So it goes.

for 2 Trumpets
2014

“It is so short and jumbled and jangled, Sam, because there is nothing intelligent to say about a massacre. Everybody is supposed to be dead, to never say anything or want anything ever again. Everything is supposed to be very quiet after a massacre, and it always is, except for the birds. And what do the birds say? All there is to say about a massacre, things like "Poo-tee-weet?” 
-Kurt Vonnegut, Slaughterhouse-Five

It wasn’t by plan that I wrote a trumpet duet. When asked to write one, I thought it might turn into some obligatory piece that was amorphous and didn’t have any meaning for me once it was finished. Needless to say, it became a lot more than that.
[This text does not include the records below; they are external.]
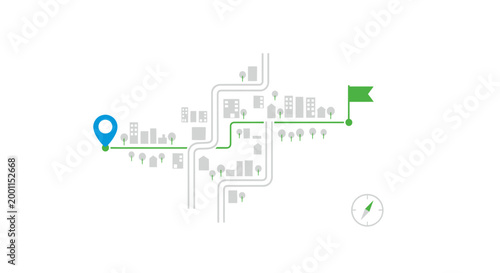 Map Navigation Location Pointer Icon.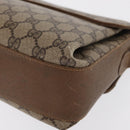GUCCI GG Supreme Web Sherry Line Bag PVC Beige Gold 904 02 084 Auth ka1844-13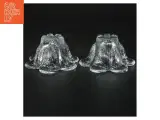Glasblomst skåle (str. H. 5 cm. ø. 9,5 cm) - 2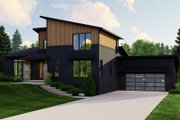 Contemporary Style House Plan - 3 Beds 2.5 Baths 2230 Sq/Ft Plan #1064-247 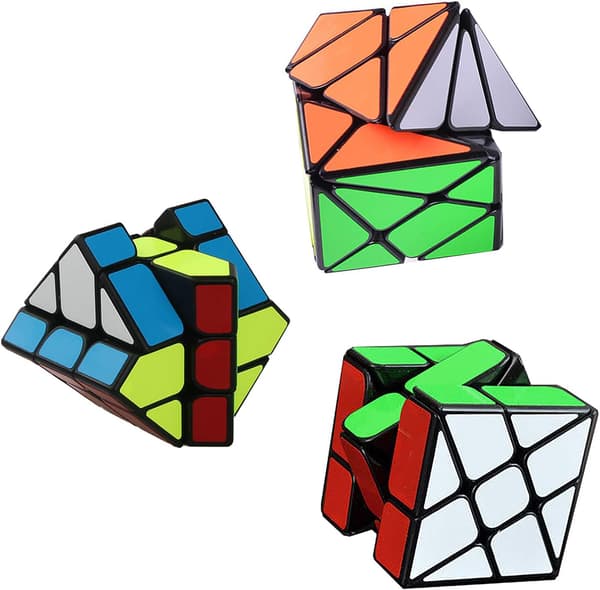 Speed Cube Sett 3 Pakke Magisk Speed Cube Pakke 3x3x3 YJ Windmi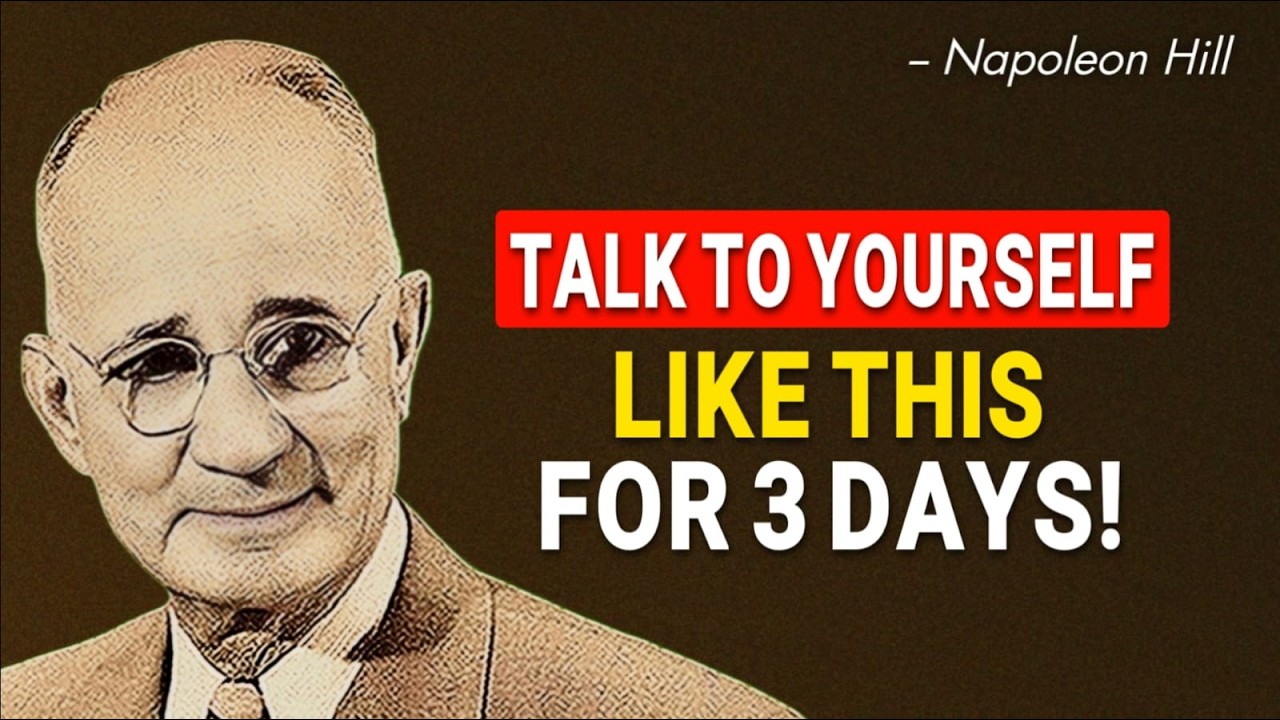 Talk to Yourself Like This for 3 Days | Napoleon Hill Motivation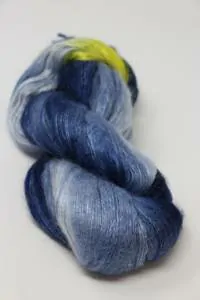 ARTYARNS SILK MOHAIR FINGERING OMBRE Denim Lemon Splash (7267SP)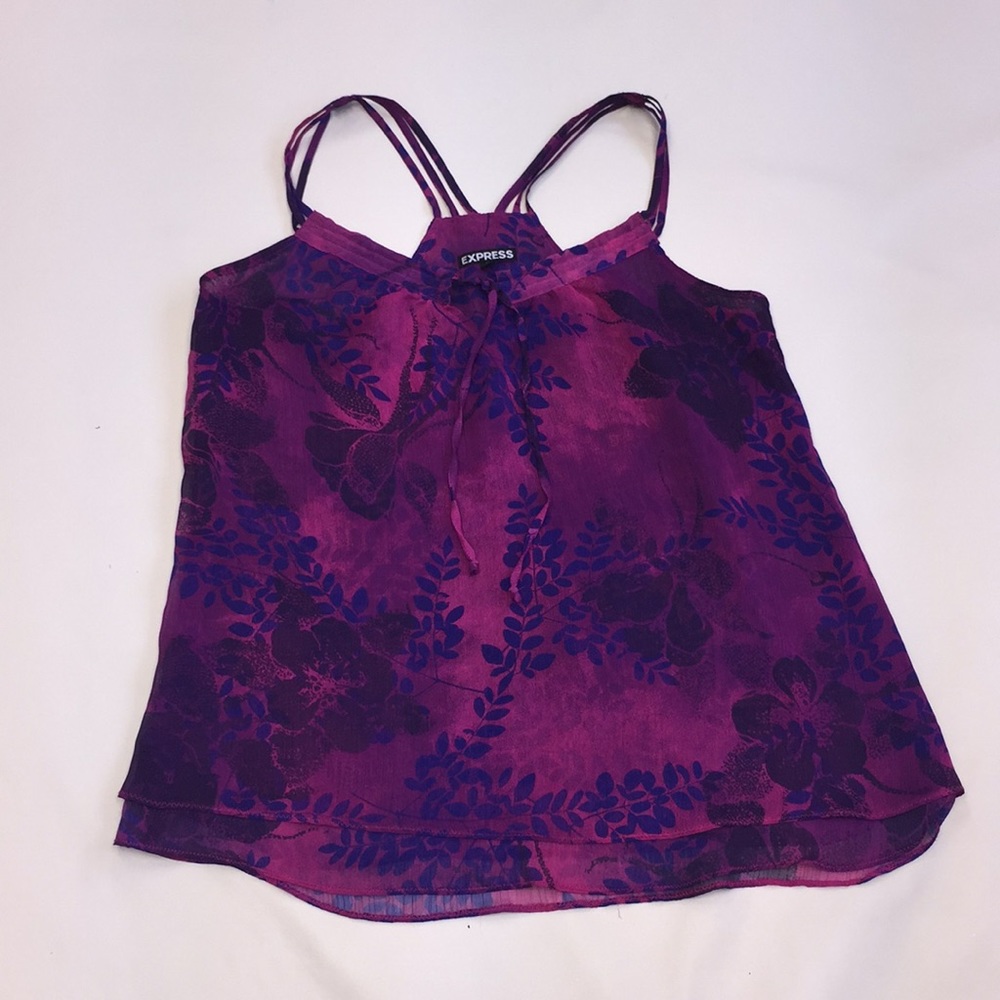 Express Oversized Strappy Tank Top Size Small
As I was first thinking of the piece, the melody from “Taps” kept trailing through my head, and I was reminded of how odd I felt it was - that a song consisting of only notes from a major triad was played at military funerals. This got me thinking about how I’d picture grief to sound.

“So it goes.” attempts to depict the raw emotion of death rather than a heroic story or commemoration of death. It features different extended techniques for trumpet, asking performers to cry through the trumpet, imitate bombs, and imitate sirens. While the title can be taken in a variety of ways, its original intention was to allude to the endless motif from Vonnegut’s Slaughterhouse-Five, which appears, somewhat flippantly, after anyone in the book dies.